BACKGROUND AND FACTS

{2} At the suppression hearing, Officer William Marion of the Roswell Police Department testified as to the following events. On the evening of April 8, 2005, he stopped to investigate a parked car with its engine running that appeared to have no one inside. Upon shining his patrol car’s spotlight on the car, he saw that there was someone (Lorenzo Mendoza) in the driver’s seat, but slouched down as if trying to hide. As Officer Marion got out of his patrol car, he observed Defendant leaving a house across the street. Officer Marion observed that Mendoza had bloodshot, watery eyes, that there was a slight odor of intoxicants, and that there was an open case of beer on the passenger-side floor. Mendoza said he was waiting for his friend. At around this time, Defendant walked up to the car and attempted to enter the passenger side. Officer Marion told Defendant, “Hey. Wait a minute. Time-out, dude. You better step back.” He then told Defendant to go to the front of the car “where I can keep better eyes on you.” Officer Marion asked Mendoza if he could search the car and Mendoza agreed. Officer Marion and another officer, Officer Scribner, who had arrived placed Mendoza with Defendant at the front of the car and began to search it.

{3} At some point Officer Scribner handcuffed Mendoza and told Officer Marion that he had seen Mendoza throw down a piece of paper and try to kick it under the car. Upon inspection, the paper was found to contain marijuana. Defendant started to walk away. Officer Marion grabbed his wrist and told him he was not free to go yet and that he was being detained. Officer Marion handcuffed Defendant and told him he was not under arrest. He asked Defendant if he had any weapons in his possession, and Defendant said no.
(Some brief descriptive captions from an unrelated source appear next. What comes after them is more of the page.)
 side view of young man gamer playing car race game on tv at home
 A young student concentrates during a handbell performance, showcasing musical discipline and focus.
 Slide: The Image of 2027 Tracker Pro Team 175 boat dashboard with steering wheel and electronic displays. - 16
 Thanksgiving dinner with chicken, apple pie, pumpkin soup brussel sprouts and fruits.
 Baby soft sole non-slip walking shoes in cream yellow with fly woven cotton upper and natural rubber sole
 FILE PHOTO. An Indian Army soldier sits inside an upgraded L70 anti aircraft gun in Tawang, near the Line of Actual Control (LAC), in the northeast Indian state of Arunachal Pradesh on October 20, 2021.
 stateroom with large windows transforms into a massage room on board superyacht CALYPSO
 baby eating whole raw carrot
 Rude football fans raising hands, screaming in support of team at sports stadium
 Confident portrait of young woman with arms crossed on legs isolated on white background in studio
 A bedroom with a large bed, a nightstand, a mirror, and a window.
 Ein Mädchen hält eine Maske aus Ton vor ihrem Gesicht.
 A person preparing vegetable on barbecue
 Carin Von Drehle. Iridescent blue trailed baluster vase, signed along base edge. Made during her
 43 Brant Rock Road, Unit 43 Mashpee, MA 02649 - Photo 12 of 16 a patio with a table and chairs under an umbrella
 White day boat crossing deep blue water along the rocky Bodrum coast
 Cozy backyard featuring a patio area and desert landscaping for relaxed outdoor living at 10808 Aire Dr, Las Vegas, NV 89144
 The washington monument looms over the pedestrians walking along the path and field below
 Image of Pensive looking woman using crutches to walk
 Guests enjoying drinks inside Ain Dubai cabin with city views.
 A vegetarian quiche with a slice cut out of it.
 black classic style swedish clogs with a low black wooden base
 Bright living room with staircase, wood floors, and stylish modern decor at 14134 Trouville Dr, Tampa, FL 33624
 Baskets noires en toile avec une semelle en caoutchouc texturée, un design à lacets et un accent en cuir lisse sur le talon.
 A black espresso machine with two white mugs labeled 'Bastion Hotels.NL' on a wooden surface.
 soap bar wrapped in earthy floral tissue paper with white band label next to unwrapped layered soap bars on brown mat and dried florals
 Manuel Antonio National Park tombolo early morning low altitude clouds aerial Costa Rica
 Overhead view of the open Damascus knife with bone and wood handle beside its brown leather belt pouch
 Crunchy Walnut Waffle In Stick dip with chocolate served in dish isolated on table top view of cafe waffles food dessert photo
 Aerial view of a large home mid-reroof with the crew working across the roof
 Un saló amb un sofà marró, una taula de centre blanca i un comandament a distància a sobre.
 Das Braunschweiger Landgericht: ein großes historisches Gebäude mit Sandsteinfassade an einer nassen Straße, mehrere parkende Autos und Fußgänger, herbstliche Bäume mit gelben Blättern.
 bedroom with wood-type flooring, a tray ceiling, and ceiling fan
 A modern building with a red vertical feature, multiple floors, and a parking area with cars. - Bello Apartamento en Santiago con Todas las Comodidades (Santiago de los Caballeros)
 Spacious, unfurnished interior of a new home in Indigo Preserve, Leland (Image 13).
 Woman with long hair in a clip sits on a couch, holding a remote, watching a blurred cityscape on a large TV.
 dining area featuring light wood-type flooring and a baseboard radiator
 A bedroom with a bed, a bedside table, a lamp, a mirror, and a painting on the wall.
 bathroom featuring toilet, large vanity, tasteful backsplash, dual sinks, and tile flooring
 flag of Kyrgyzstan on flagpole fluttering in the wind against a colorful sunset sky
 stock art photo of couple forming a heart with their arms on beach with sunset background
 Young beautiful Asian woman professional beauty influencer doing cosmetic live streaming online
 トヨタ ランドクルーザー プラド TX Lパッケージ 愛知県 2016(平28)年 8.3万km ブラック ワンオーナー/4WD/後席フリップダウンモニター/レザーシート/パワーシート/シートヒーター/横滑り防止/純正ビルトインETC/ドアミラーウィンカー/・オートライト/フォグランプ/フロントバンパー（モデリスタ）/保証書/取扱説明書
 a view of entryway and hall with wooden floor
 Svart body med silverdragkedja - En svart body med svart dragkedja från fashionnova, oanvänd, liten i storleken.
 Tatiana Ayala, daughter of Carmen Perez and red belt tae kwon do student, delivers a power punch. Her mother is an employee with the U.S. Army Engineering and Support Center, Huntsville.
Officer Marion asked Defendant if he could search him, and Defendant said, “[tjhat’s okay.” Upon searching Defendant, Officer Marion felt a large soft bulge in Defendant’s right pants pocket, and pulled out money and a bandanna. While placing these items on the hood of the car, a small plastic bag containing white powder fell out. Defendant said it was cocaine, which a test later verified.

{4} Defendant did not testify at the suppression hearing. He pleaded no contest to possession of cocaine, reserving his right to appeal the denial of his motion to suppress evidence.

STANDARD OF REVIEW

{5} A motion to suppress evidence involves a mixed question of fact and law. State v. Urioste, 2002-NMSC-023, ¶ 6, 132 N.M. 592, 52 P.3d 964.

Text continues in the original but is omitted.